# Is BMW CPO warranty worth the money?



## mixxalot (Sep 18, 2006)

I just purchased a new 2006 BMW M3 coupe with 18k original miles and it has about 10 months left on the BMW factory warranty and maintenance plan. Dealer is offering me a 2-year BMW CPO warranty for 3-5k and an extended maintenance plan for 2 years for another 2-4k.

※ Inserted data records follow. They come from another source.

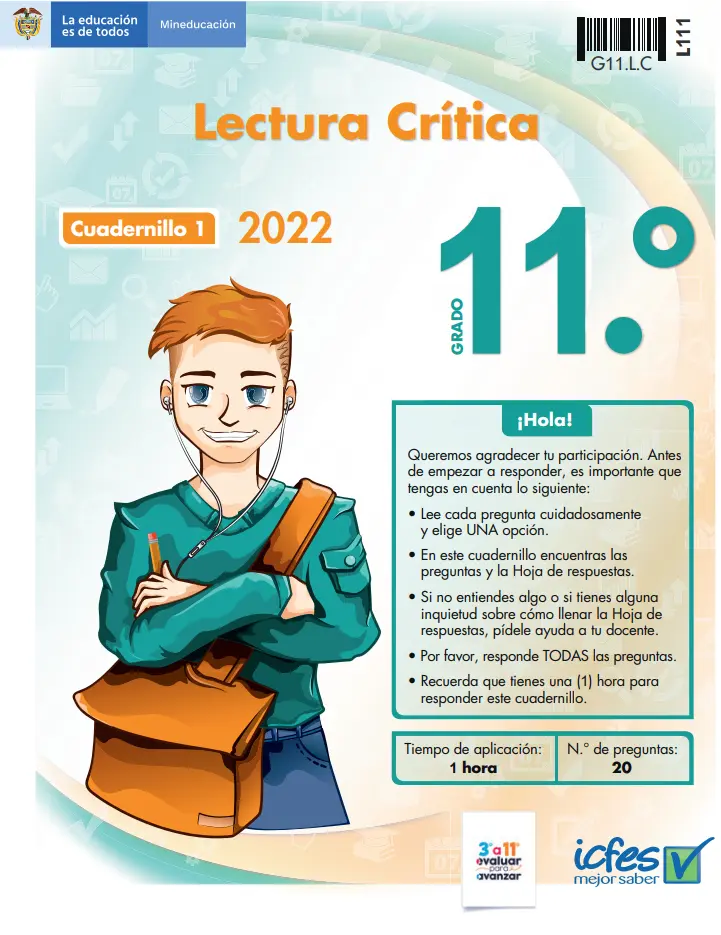 Cuadernillo Icfes lectura critica 2022, grado 11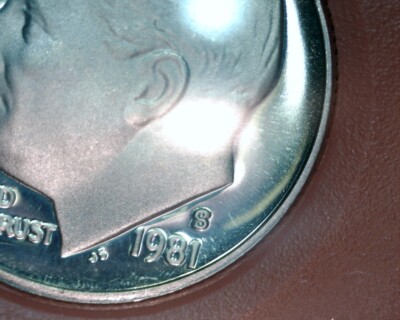 1981-S Type 2-flat ''S'' Proof Roosevelt dime.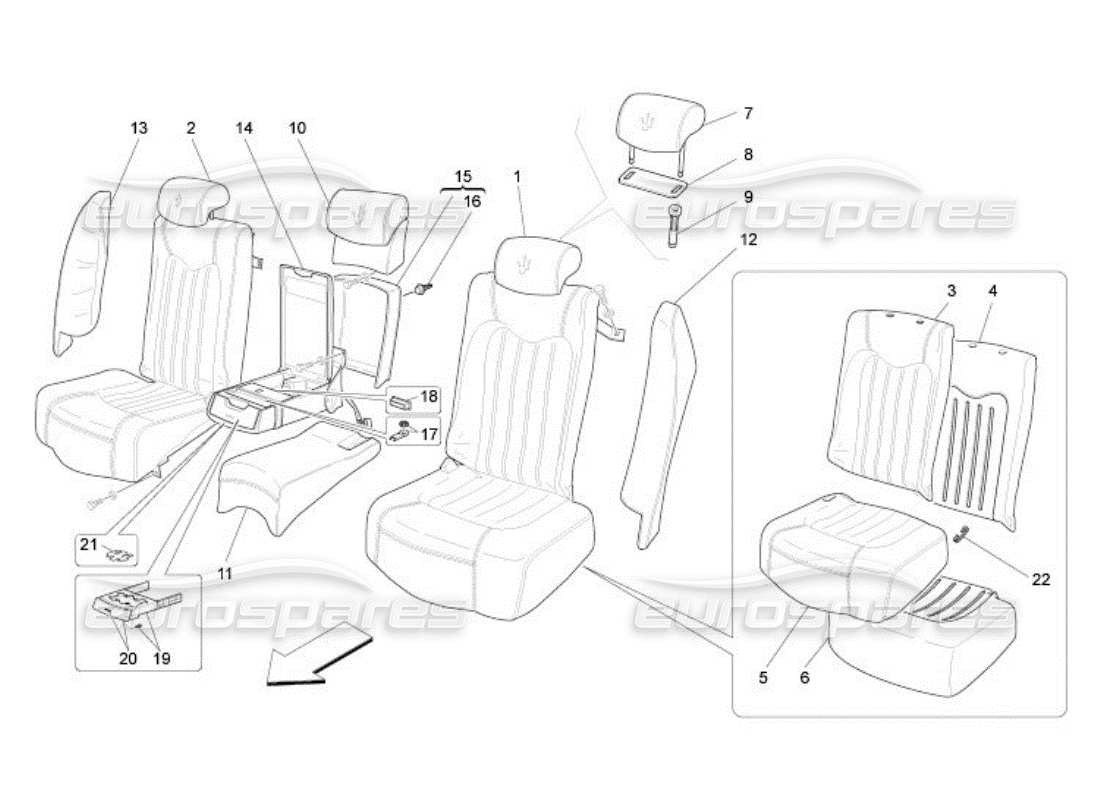 maserati qtp. (2005) 4.2 sièges arrière : diagramme de pièces des panneaux de garniture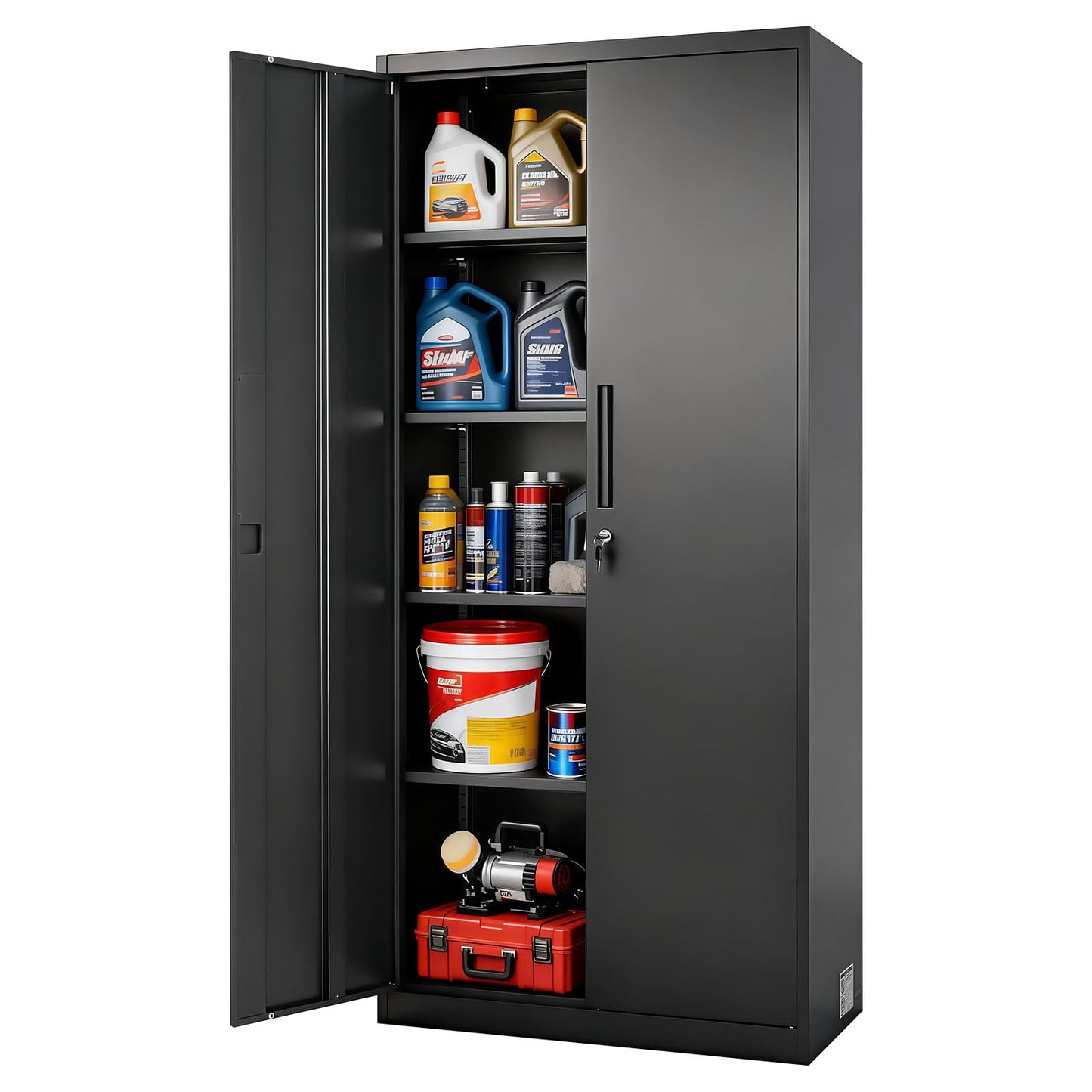 VEVOR Metal Storage Cabinet, Lockable Steel Garage Cabinet with Magnetic Doors and Adjustable Shelves, 2 Keys, 5-Tiers Tall Tool Locker for Home, Office, School, Pantry, Warehouse, Laundry, Black
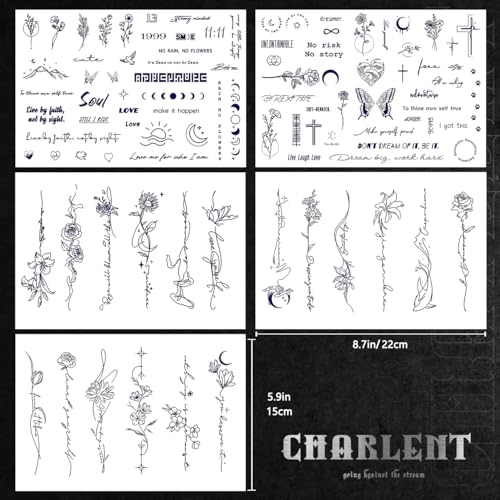 Semi-Permanent Tattoos for Adult - 2 Weeks Long Last Small Flower Words Tattoos for Women Men Hand Neck Body/Fades Naturally/No Reflection/Waterproof/Realistic, Minimal Line Art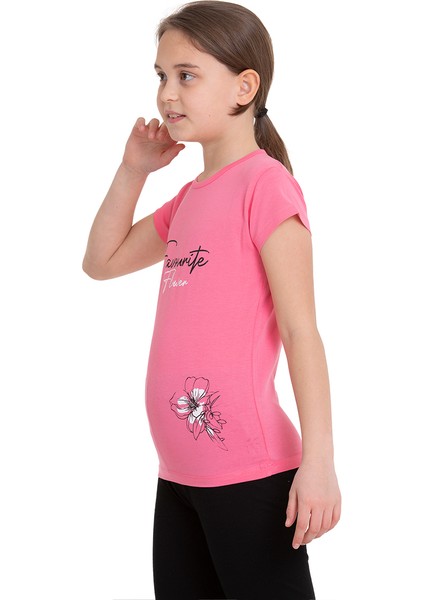 Pembe Favorite Baskılı Bisiklet Yaka 5-12 Yaş Tişört 2036-3 modelleri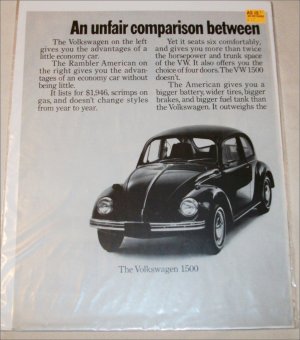 1968 American Motors Rambler American 2 dr sedan & Volkswagon 1500 car ad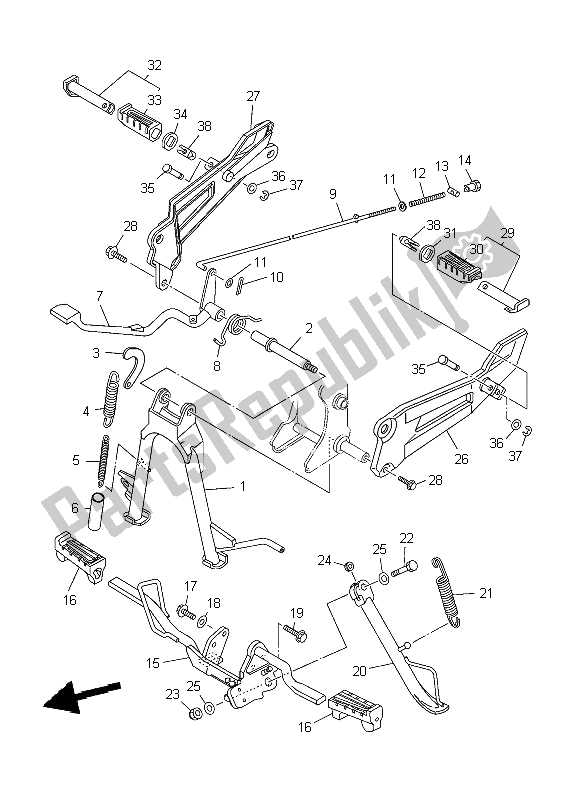 Todas las partes para Soporte Y Reposapiés de Yamaha YBR 125 ED 2009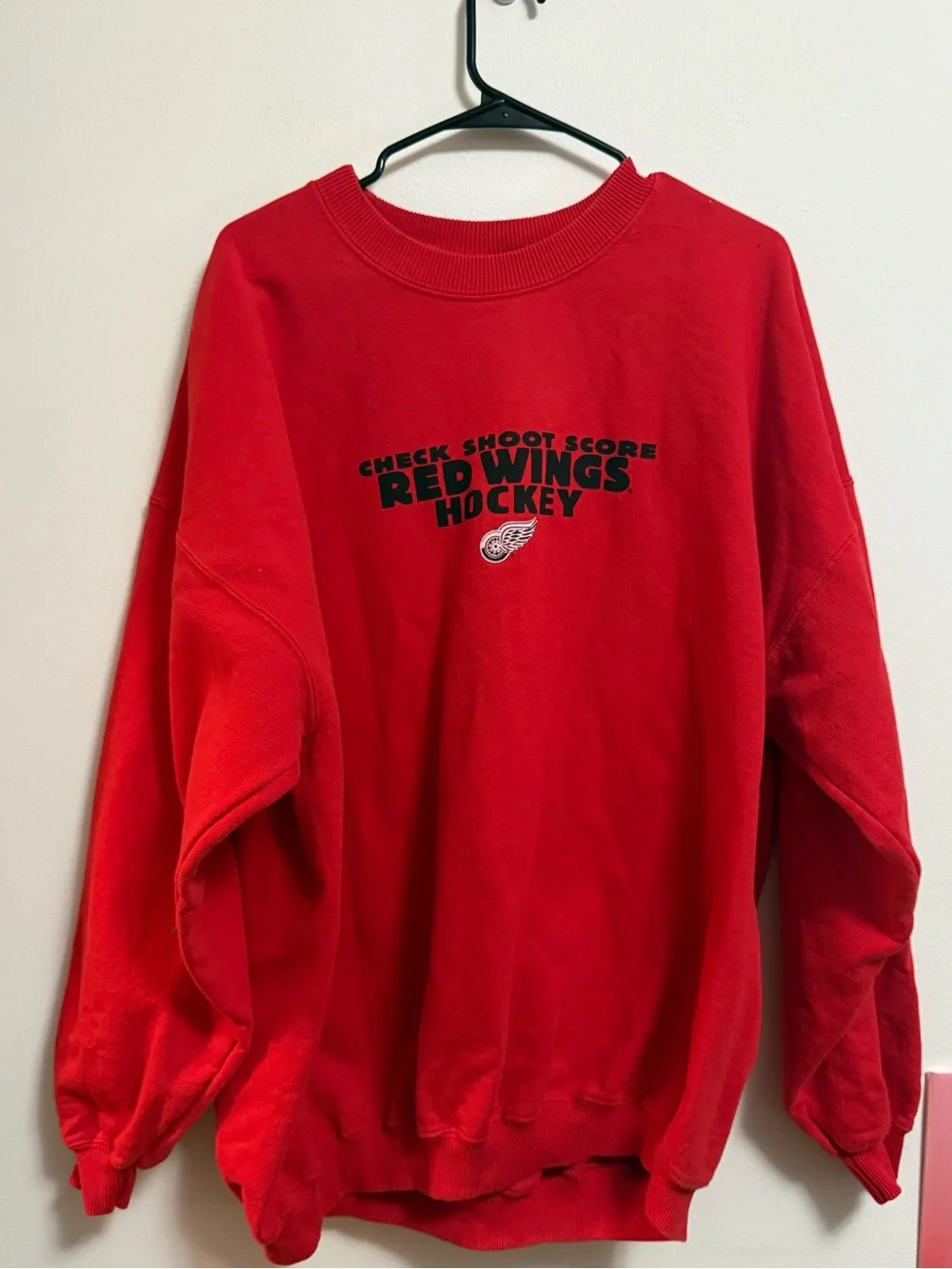 VINTAGE Red Crewneck Sweatshirt with‎ Black Lettering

Do you recommend this for my new M3 car?

Thanks
-Ben


----------



## kimmy (Apr 20, 2008)

mixxalot said:


> I just purchased a new 2006 BMW M3 coupe with 18k original miles and it has about 10 months left on the BMW factory warranty and maintenance plan. Dealer is offering me a 2-year BMW CPO warranty for *3-5k *and an extended maintenance plan for 2 years for another *2-4k*.
> 
> Do you recommend this for my new M3 car?
> 
> ...


That's one hell of a ball park range!:yikes:

So which is it? That's a $4,000 difference between the high and low figures for the two.


----------



## mixxalot (Sep 18, 2006)

OK here is what dealer is offering me for warranty and service on 2006 BMW M3:

4200 for 2 years CPO BMW extended warranty
3400 for 4 years extended BMW maintenance
1500 for tire protection/replacement of run flats
1484 for lojack

Thanks
Ben


----------



## tturedraider (Nov 11, 2005)

If the car has BMW Assist then LoJack is redundant. With only 18k miles the warranty would be almost pure profit for the dealer (because he'd have to do virtually nothing to bring it to CPO standards) and BMW. I know for a fact the CPO warranty for an '06 E90 330i costs the dealer $1,100 to BMW. Plus whatever they have to spend on the car to bring it up to CPO standards. Just off the top of my head I'm thinking the warranty cost for an '06 M3 might be about $2,200 to BMW.


----------



## energetik9 (Sep 9, 2008)

Well, you are of course getting peace of mind and the question is...is that important to you? I personally have had good luck with CPO. I would easily do CPO instead of a third party warranty. However, every prior BMW I have ever owned ran out of warranty and I have always had good luck with my BMW's (in or out of warranty). $4200 sounds really high to me. Granted it's an M3, but I understood that in general CPO added about $2500.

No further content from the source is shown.